With respect your Obt. Hbl. Svt. (Signed) Obadiah Beaty.
Agreeable to your directions the letter of administration has been provided. The heirs of my fathers estate relinquished to Cornelius Knight. To whom the letters were granted this day—he being desirous of serving the country and being at a loss to know who to sign the declaration as an administrator. We have thought most proper to send the papers by the administrator himself—he being present can then act under your immediate directions—The evidence that turns to be required by your letter may be from General repute and belief.—I being a connection I felt delicate in acting as a magistrate in taking affidavits I have procured Reuben Twelligars as to the time of my father death and as to General repute and his belief. Which was taken before Esqr. Stan and have been advised since by Major Sears to take his but not in time to have it certified—and as it could not injure I find it together with one of James Humphrey from the Western part of the State but it has not come properly authenticated—W. Knight the bearer hereof can be further proof (if necessary) as to the time of my fathers death and as to General repute and his belief of his service as an officer in the Continental line of the army of the Revolutionary War.
With respect your Obt Svr
Before me.
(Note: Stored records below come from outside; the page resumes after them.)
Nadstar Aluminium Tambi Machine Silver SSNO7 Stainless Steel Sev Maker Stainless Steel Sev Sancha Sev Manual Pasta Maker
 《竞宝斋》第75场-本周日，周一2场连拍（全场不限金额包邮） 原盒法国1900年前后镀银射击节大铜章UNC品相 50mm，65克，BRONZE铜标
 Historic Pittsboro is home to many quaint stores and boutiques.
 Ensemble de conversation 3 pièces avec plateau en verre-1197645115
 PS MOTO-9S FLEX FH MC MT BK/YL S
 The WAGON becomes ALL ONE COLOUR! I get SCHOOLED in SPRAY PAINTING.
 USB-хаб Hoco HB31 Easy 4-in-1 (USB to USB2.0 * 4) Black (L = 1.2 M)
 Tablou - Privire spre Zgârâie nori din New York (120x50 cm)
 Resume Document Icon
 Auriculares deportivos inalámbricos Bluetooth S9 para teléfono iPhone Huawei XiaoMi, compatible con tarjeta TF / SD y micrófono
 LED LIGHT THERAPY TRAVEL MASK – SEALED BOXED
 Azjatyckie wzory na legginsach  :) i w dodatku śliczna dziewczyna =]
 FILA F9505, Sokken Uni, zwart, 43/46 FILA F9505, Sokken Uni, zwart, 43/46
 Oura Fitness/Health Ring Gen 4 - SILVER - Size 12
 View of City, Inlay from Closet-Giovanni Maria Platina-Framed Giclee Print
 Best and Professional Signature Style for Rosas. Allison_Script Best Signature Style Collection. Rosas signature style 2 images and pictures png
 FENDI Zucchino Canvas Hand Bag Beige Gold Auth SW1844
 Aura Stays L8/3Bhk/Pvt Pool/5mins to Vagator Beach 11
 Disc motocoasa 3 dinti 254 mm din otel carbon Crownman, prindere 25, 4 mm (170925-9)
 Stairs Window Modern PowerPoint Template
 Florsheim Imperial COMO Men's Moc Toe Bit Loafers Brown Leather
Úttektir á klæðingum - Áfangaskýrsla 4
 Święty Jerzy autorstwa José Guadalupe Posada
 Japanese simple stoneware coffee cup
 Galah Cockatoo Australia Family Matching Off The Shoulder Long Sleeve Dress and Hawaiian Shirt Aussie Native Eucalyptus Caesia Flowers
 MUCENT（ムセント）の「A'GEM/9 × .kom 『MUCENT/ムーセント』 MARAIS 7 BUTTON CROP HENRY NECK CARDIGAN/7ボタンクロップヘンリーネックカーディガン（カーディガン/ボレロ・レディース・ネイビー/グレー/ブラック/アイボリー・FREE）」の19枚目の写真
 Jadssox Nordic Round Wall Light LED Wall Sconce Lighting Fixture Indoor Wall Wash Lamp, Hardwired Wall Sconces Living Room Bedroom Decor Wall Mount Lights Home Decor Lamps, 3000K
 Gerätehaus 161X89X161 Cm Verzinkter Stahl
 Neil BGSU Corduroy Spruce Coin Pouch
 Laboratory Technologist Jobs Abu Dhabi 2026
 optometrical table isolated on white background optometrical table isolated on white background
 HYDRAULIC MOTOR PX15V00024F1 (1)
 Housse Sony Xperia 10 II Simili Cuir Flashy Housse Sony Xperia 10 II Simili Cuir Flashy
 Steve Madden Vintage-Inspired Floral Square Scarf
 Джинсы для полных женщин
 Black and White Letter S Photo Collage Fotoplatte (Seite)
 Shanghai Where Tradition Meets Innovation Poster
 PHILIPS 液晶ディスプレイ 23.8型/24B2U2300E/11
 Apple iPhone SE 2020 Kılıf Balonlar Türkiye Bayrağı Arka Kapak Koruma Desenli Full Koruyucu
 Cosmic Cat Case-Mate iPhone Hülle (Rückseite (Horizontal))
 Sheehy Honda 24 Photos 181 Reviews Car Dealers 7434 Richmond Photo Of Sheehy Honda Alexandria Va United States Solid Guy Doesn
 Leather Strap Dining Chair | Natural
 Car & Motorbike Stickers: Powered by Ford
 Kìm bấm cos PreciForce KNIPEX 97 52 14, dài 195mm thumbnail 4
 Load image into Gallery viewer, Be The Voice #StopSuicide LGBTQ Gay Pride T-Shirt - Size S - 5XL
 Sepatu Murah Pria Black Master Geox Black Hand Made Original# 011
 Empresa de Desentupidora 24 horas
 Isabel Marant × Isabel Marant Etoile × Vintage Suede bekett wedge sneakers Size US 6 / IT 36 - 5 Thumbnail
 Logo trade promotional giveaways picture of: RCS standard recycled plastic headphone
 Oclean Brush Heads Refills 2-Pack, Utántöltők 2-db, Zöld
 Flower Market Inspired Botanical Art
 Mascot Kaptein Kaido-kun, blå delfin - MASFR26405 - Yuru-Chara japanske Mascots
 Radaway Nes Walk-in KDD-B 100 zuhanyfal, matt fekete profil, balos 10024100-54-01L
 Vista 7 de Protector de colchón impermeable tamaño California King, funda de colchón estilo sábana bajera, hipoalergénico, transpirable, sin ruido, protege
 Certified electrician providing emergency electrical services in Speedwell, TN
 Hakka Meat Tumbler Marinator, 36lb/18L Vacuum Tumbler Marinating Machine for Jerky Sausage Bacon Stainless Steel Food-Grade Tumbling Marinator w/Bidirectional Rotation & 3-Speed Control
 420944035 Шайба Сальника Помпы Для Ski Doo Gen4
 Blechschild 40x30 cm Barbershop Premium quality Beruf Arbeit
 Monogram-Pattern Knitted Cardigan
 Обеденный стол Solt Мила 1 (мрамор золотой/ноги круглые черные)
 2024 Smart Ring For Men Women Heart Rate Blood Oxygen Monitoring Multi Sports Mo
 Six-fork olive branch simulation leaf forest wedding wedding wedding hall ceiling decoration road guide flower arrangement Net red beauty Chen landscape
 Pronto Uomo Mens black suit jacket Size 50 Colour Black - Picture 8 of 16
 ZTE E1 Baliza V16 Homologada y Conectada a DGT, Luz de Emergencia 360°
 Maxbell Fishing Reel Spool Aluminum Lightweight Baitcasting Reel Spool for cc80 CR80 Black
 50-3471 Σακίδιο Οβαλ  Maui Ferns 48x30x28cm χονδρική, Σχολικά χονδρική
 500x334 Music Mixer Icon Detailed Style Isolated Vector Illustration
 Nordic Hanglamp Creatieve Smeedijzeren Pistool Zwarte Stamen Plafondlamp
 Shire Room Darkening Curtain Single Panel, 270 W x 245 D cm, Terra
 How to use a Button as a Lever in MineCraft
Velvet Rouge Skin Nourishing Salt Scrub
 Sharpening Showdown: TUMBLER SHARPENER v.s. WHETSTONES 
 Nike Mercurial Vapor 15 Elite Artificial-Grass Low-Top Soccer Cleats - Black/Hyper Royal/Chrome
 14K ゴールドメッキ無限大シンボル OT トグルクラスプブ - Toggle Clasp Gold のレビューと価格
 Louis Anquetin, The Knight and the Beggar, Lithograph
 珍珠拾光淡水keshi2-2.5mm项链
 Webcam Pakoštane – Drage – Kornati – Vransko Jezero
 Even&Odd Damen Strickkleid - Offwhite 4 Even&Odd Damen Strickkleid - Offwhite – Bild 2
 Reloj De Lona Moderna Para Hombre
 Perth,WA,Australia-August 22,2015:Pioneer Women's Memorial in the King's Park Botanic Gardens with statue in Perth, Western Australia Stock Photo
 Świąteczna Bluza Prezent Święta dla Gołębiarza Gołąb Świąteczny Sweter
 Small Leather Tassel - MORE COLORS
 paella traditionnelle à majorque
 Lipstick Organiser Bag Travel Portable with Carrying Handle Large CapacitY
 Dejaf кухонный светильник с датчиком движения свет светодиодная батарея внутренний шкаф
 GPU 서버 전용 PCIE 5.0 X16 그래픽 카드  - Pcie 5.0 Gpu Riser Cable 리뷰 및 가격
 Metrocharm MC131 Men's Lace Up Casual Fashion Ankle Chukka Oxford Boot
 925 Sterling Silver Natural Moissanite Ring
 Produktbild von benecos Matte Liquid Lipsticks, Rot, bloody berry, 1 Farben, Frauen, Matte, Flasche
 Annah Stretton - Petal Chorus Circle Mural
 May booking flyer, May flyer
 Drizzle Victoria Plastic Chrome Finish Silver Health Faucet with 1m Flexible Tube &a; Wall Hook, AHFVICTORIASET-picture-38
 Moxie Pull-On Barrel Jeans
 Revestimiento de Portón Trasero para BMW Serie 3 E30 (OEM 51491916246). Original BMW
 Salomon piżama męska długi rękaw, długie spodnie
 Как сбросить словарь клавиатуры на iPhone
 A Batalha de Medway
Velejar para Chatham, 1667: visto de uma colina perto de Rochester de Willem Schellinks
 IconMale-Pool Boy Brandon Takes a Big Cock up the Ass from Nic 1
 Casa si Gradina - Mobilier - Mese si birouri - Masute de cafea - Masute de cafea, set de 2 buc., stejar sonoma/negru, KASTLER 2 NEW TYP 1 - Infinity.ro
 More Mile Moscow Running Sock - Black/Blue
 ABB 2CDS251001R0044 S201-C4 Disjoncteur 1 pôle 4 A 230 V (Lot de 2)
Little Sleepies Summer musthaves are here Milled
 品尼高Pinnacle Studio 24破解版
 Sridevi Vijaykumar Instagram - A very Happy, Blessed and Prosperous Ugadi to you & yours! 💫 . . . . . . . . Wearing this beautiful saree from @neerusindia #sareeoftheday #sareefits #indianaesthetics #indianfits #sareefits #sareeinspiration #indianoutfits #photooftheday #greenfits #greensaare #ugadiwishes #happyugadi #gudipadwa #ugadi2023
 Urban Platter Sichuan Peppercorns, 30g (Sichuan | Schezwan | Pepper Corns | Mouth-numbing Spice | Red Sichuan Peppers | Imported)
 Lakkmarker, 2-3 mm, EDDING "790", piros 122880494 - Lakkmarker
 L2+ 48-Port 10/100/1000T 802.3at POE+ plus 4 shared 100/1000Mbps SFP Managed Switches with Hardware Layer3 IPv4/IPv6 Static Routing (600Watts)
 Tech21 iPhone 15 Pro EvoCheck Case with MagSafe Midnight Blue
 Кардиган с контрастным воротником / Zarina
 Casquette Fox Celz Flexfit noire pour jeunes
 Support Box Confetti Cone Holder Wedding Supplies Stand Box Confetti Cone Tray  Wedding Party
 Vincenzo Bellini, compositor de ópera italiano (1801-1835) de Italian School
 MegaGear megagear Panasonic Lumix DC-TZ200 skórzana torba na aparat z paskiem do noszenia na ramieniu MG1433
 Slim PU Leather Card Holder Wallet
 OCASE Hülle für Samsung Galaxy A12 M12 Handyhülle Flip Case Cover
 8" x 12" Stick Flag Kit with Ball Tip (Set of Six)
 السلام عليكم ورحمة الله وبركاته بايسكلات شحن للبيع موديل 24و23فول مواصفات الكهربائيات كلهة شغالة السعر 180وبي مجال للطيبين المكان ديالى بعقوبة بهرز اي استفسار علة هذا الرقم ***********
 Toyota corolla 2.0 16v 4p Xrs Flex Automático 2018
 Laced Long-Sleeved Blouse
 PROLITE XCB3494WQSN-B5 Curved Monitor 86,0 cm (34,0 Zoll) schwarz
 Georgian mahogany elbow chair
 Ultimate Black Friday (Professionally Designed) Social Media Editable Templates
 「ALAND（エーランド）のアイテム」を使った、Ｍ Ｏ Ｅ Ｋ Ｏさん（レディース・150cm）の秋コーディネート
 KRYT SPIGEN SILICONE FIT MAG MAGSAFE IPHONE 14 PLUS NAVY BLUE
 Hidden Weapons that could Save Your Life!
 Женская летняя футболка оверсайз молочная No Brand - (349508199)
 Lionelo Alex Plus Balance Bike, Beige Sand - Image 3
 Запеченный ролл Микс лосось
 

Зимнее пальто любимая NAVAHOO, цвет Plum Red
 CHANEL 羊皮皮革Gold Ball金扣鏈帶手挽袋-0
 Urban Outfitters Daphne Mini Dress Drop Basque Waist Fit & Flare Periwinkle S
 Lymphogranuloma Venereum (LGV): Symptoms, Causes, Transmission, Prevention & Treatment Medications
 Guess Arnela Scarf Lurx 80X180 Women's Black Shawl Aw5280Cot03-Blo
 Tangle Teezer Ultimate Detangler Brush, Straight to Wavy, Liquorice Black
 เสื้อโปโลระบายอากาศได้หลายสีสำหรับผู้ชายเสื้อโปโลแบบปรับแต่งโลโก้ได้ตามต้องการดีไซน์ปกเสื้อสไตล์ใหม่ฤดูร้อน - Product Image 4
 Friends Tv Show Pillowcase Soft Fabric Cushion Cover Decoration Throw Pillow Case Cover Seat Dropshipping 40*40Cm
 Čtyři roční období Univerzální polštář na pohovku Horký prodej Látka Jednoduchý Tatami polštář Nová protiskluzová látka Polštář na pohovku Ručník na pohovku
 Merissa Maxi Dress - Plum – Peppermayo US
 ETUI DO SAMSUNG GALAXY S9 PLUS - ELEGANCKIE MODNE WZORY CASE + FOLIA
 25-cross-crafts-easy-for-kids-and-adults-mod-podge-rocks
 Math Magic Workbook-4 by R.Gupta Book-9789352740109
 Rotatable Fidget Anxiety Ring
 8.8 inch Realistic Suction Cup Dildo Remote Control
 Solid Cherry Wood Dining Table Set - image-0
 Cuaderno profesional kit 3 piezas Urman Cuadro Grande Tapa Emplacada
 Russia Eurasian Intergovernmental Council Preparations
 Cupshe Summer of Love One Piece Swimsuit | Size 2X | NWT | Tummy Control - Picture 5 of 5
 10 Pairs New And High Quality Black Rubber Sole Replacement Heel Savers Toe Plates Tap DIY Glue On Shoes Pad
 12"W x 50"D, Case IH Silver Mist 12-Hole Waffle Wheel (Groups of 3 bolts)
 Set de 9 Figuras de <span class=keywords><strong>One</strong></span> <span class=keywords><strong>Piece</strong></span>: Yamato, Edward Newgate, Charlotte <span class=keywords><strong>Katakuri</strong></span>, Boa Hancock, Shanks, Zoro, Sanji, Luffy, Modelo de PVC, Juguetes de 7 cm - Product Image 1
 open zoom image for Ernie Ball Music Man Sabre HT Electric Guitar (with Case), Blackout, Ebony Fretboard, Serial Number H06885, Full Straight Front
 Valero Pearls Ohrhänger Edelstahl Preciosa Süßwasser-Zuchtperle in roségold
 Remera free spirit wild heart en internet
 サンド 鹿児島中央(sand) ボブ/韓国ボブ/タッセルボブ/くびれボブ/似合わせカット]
Obadiah Beaty a Justice of the Peace in the County of Sullivan in the State of New York personally appeared Major Elnathan Sears of the Town of Mamakating County and State aforesaid and made oath that Alexander Beaty late of said town now deceased was an officer in the Continental line of the army of the revolution. That he done duty under him—and further declares that after he returned from his time of being prisoner he went on to the northern frontier under different officers but always understood that he was in the service as above stated until the close of the war. Witness my hand this 26th 1828—(Signed) El Nathan Sears. (5)
Subscribed and Sworn this 26th day of Febr 1828. Obadicah Beaty, Justice of the Peace.